Из биографий итальянских разбойников довольно известно, как глубокое и, конечно, своеобразное богопочитание уживается в душе с самым жестоким зверством и гнуснейшими пороками. Не странно после этого, что и у ребенка, каким я был лет почти шестьдесят тому назад, религиозное, весьма развитое, чувство не помешало разной нечисти пробраться в душу и загрязнить ее прежде, чем она окрепла.

Решителями судеб в нашем воспитании являются, как я убедился из опыта, индивидуальность и жизнь.

Только то воспитание сулит наиболее шансов на успех, в котором воспитатели сумеют приспособиться к индивидуальности своих воспитанников и ее приспособить к жизни.

Но жизнь не осилишь, а от воспитателя нельзя требовать, чтобы каждый из них, по призванию и поневоле, опытный и неопытный, умный и глупый, вникал и досконально разузнавал все особенности каждой воспитываемой им особи.

Поэтому и остается только одно наиболее надежное средство к достижению цели воспитания – это приспособление его не к личной, а к племенной, расовой или народной особенности (племенной индивидуальности).

Кто сумеет это сделать, тому и книга в руки. И это дело нелегкое, но все же гораздо возможнее приспособления воспитания каждой особи.

Такой взгляд нисколько не противоречит, как я покажу, моему высшему, общечеловеческому идеалу воспитания. На эту тему придется мне говорить потом; теперь же я ее покуда оставляю и займусь предметом, гораздо глубже касающимся меня.

Я сказал уже, кажется, что мои религиозные убеждения не оставались в течение моей жизни одними и теми же. И вот, для уяснения себе всего процесса развития этих убеждений я должен себе ясно представить его крайние фазисы; я припомнил уже, кажется, все, что знаю о первоначальном периоде моих верований; теперь исповедуюсь у самого себя и уясню себе, во что и как я верую в настоящую минуту моего бытия.

После этого изложения, надеюсь, мне разъяснится, какими путями дошел я до настоящего моего верования и каким колебаниям и переворотам подвергались мои религиозные убеждения в разные времена моей жизни.
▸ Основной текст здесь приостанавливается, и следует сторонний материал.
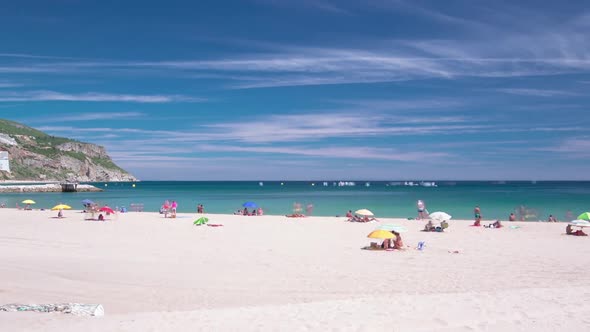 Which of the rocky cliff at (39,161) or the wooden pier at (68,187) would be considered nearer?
the wooden pier at (68,187)

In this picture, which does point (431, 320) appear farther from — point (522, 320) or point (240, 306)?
point (240, 306)

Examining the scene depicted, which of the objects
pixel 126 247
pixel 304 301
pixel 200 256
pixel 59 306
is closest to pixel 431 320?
pixel 304 301

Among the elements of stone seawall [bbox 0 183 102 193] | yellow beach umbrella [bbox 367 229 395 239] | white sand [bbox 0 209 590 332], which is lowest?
white sand [bbox 0 209 590 332]

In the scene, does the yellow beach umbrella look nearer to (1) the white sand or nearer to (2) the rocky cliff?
(1) the white sand

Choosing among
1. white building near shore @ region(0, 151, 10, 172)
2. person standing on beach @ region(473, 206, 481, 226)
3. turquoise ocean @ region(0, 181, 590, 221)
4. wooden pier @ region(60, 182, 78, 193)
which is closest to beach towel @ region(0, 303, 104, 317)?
person standing on beach @ region(473, 206, 481, 226)

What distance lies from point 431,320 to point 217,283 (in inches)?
234

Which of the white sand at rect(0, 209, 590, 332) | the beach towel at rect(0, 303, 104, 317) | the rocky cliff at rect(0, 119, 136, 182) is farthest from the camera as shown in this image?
the rocky cliff at rect(0, 119, 136, 182)

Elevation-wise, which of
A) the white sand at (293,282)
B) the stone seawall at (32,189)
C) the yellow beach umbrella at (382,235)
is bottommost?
the white sand at (293,282)

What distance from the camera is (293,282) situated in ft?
41.1

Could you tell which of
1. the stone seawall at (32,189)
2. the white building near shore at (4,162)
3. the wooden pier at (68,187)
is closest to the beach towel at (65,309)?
the stone seawall at (32,189)

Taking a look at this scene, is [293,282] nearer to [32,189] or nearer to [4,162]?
[32,189]

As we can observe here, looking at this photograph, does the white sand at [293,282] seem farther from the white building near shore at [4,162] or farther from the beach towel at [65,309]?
the white building near shore at [4,162]

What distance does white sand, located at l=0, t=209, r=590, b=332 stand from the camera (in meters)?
8.37

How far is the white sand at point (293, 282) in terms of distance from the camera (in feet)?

После смерти знаменитого Иоганна Мюллера (берлинского физиолога) носились слухи, что он лишил себя жизни, приняв яд, и причину самоубийства приписывали какому-то сделанному открытию в области низших организмов, поколебавшему будто бы его религиозные убеждения.

Иоганн Мюллер был ревностный католик (как это я узнал от моего старого приятеля, Карла Липгардта, беседовавшего нередко с Мюллером). Биограф его, Дюбуа-Реймон, опровергает верность слуха о самоубийстве. Но верен ли был или неверен этот слух, он доказывает, какое огромное значение придает все культурное общество верованиям и таких ученых, специальность которых не имеет ничего общего с церковными догматами.